Package Overview

Implements the Expectation Maximisation Algorithm for clustering the multivariate and univariate datasets. There are two versions of EM implemented-EM* (converge faster by avoiding revisiting the data) and EM. For more details on EM*, see the ‘References’ section below.

The package has been tested with both real and simulated datasets. The package comes bundled with a dataset for demonstration (ionosphere_data.csv). More help about the package can be seen by typing ?DCEM in the R console (after installing the package).

Currently, data imputation is not supported and user has to handle the missing data before using the package.

Contact

For any Bug Fixes/Feature Update(s)

[Parichit Sharma: parishar@iu.edu]

For Reporting Issues

Issues

GitHub Repository Link

Github Repository

Installation Instructions

Installing from CRAN

install.packages(DCEM)

Installing from the Source Package

R CMD install DCEM_2.0.2.tar.gz

How to use the package (An Example: working with the default bundled dataset)

ionosphere_data = read.csv2(
  file = paste(trimws(getwd()),"/data/","ionosphere_data.csv",sep = ""),
  sep = ",",
  header = FALSE,
  stringsAsFactors = FALSE
)

Paste the below code in the R session to clean the dataset.

ionosphere_data =  trim_data("35,2", ionosphere_data)

Paste the below code in the R session to call the dcem_train() function.

dcem_out = dcem_train(data = ionosphere_data, threshold = 0.0001, iteration_count = 50, num_clusters = 2)
          [1] Posterior Probabilities: dcem_out$prob: A matrix of posterior-probabilities for the 
              points in the dataset.
              
          [2] Meu(s): dcem_out$meu
              
              For multivariate data: It is a matrix of meu(s). Each row in the  
              matrix corresponds to one meu.
              
              For univariate data: It is a vector if meu(s).

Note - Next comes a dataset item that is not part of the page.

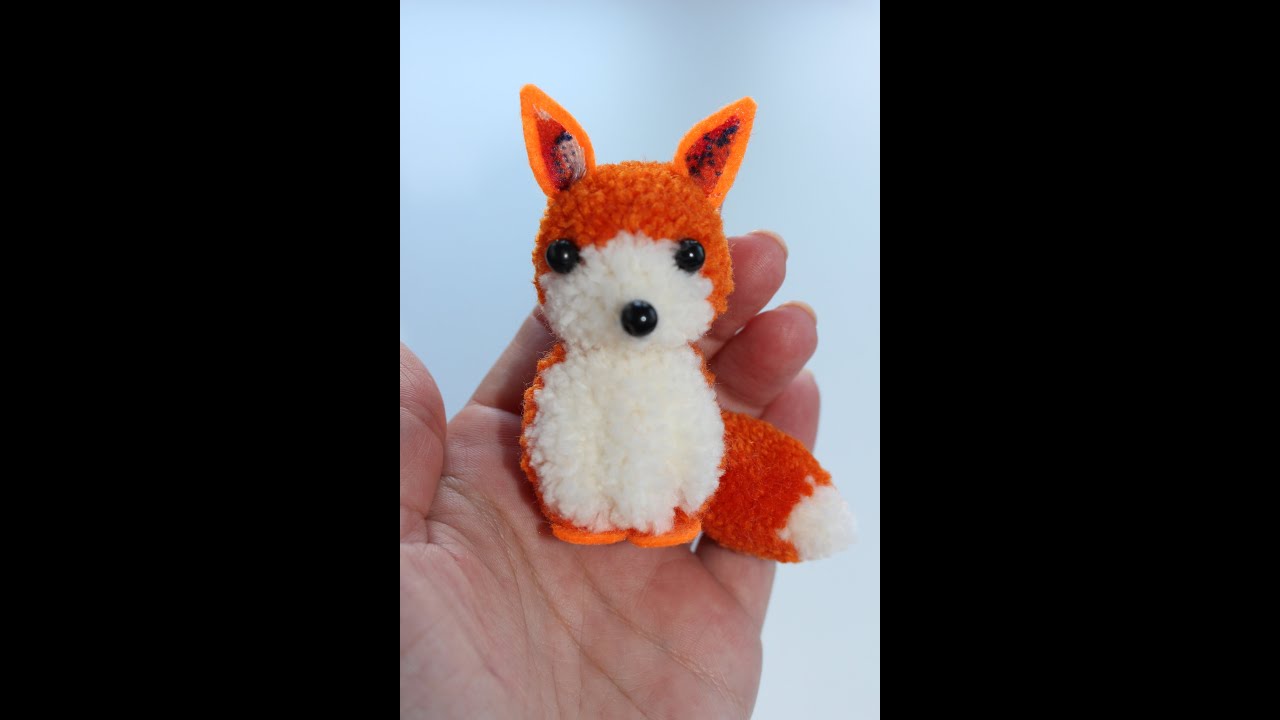 DIY Поделки из ниток - Миленький лисёнок из помпонов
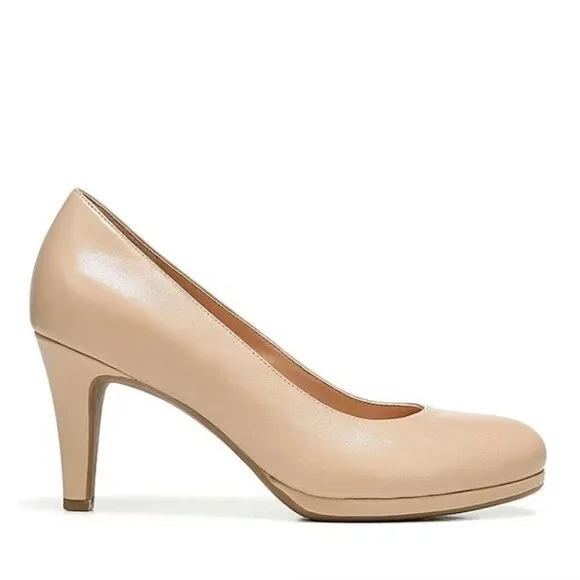 Naturalizer Michelle Leather Low Platform Pumps (WIDE)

Each element of the vector corresponds 
              to one meu.
              
          [3] Co-variance matrices 
          
              For multivariate data: dcem_out$sigma: List of co-variance matrices.
          
              For univariate data: dcem_out$sigma: Vector of standard deviation(s).
               
          [4] Priors: dcem_out$prior: A vector of prior.
          
          [5] Membership: dcem_out$membership: A vector of cluster membership for data.

How to access the help (after installing the package)

?DCEM
?dcem_test
?dcem_star_train
?dcem_train